The change in domestic debt includes bonds issued for local capital market development.

15. The authorities shared staff’s concern about the risks to medium-term fiscal sustainability in the event of a prolonged economic downturn. Customs and mineral-related taxes, currently accounting for just under half of total receipts, will be impacted directly by slower growth in South Africa and a decline in mineral exports that could continue through mid-2010. SACU revenue is expected to fall by about 2 percent of GDP during 2008/09–2010/11, with further declines likely in the medium term, given the planned transformation of Southern African Development Community (SADC) into a customs union and the planned Economic Partnership Agreement between countries in the region and the EU. The authorities’ medium-term fiscal projection does not appear to have taken these risks sufficiently into consideration. The deficit in the overall balance excluding SACU and mineral revenue is projected to increase from 10.6 percent of GDP in 2007/08 to 19.6 percent in 2008/09, despite a healthy surplus in 2007/08.

uA01fig02

Namibia: Fiscal Balance, with and without SACU and Mineral

Citation: IMF Staff Country Reports 2009, 136; 10.5089/9781451828498.002.A001

Sources: Namibian authorities, and Fund staff estimates and projections.

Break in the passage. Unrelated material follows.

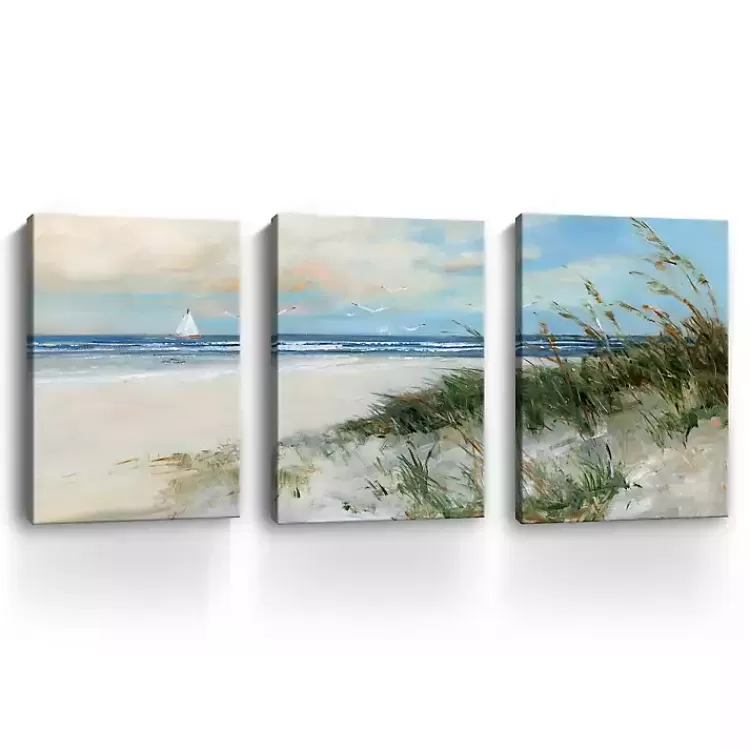 oak_island_sunrise_canvas_art_prints_x_2.webp Oak Island Sunrise Canvas Art Prints, 32x48>Kirklands Home Discount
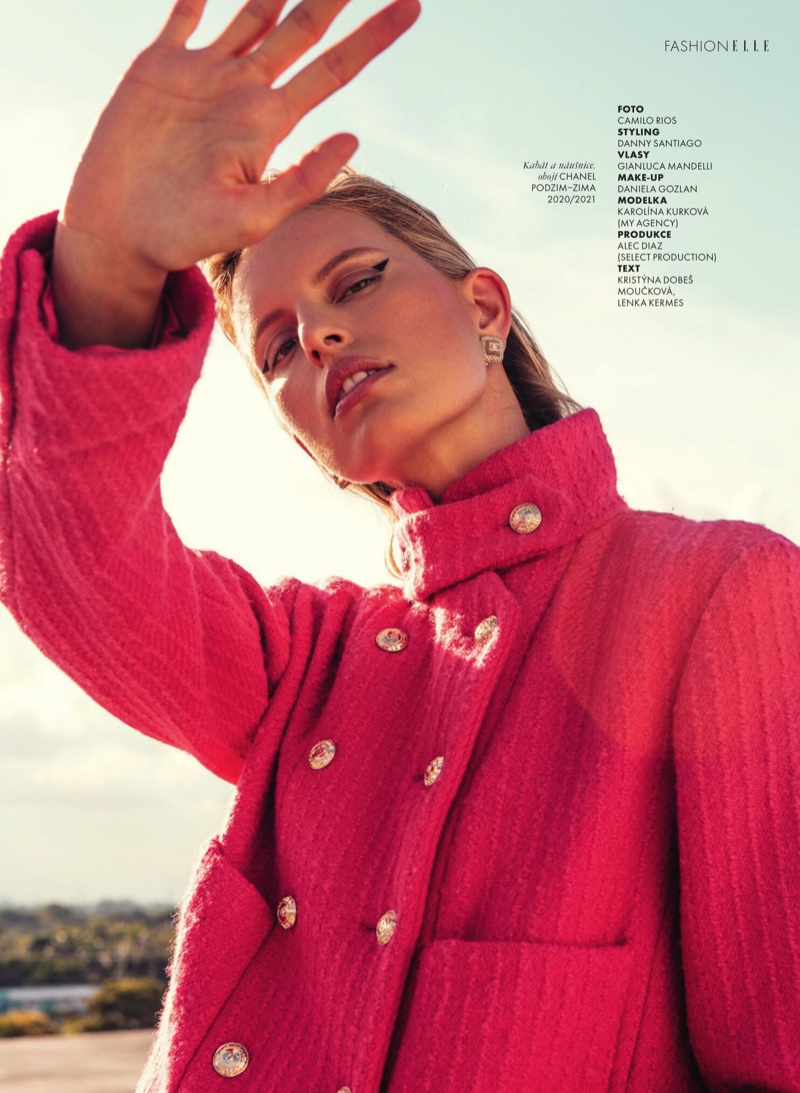 捷克超模卡罗琳娜·库尔科娃（KarolinaKurkova）的时尚故事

16. Staff agreed that a public debt target of 25 percent of GDP continues to provide an appropriate fiscal policy anchor, but recommended that the definition of public debt be expanded to include publicly guaranteed debt and be adjusted for government deposits. The anchor is consistent with research indicating that on average the sustainable level of public debt for emerging market economies is about 25 percent of GDP and does not breech the threshold for debt intolerance derived in a recent staff study.3 Given the volatility of cyclical revenue booms and a significant increase in publicly guaranteed debt, staff considered that a broader definition of ‘net public and publicly guaranteed debt’4 would better anchor the fiscal stance and safeguard against surprise calls of publicly guaranteed debt. The authorities generally agreed, with the inclusion of government deposits in the coverage addressing their concern about a possible lack of fiscal space under the new definition. However, they could not commit to a timeframe for implementation.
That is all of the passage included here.